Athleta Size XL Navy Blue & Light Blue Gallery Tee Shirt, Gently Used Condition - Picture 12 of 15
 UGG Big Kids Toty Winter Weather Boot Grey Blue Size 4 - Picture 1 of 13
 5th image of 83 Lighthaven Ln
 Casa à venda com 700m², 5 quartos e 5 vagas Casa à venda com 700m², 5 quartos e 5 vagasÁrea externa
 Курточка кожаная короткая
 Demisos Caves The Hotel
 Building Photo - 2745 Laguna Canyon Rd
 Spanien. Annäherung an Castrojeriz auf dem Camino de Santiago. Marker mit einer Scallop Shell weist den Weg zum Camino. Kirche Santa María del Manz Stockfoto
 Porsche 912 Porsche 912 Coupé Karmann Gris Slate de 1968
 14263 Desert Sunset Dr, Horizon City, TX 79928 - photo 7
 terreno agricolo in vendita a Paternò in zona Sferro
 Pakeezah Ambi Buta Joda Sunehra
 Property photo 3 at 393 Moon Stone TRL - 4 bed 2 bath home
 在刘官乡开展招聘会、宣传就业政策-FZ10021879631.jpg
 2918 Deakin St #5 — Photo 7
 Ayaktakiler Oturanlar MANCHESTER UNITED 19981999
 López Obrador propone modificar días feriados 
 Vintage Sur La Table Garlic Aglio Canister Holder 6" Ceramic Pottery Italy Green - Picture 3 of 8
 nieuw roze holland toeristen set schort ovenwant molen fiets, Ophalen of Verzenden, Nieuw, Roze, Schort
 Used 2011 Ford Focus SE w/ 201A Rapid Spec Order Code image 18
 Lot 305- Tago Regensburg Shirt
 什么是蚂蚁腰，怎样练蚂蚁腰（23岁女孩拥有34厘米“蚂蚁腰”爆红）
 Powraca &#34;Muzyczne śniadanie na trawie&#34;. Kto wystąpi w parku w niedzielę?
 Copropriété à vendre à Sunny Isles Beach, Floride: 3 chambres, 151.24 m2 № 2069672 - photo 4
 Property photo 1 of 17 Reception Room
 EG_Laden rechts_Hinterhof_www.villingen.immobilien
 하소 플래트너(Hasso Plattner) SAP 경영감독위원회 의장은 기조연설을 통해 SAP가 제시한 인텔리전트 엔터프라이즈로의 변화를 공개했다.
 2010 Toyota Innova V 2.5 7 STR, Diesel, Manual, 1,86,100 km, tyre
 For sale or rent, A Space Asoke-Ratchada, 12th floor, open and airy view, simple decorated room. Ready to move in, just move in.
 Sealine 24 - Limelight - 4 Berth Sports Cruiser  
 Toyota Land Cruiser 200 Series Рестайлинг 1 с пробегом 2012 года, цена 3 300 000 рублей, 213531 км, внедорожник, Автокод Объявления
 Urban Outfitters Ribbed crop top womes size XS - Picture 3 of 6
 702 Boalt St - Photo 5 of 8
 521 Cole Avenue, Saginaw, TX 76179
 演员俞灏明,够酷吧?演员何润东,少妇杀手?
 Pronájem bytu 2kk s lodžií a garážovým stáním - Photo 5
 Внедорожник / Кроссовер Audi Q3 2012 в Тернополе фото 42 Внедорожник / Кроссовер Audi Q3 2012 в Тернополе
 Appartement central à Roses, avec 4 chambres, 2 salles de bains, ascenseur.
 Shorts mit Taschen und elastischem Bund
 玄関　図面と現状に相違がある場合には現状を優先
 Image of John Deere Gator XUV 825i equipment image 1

== YOUR GOAL ==
On how many lines of the data does the word "chambres" appear? Reply with the number alone.

== TASK OUTPUT ==
2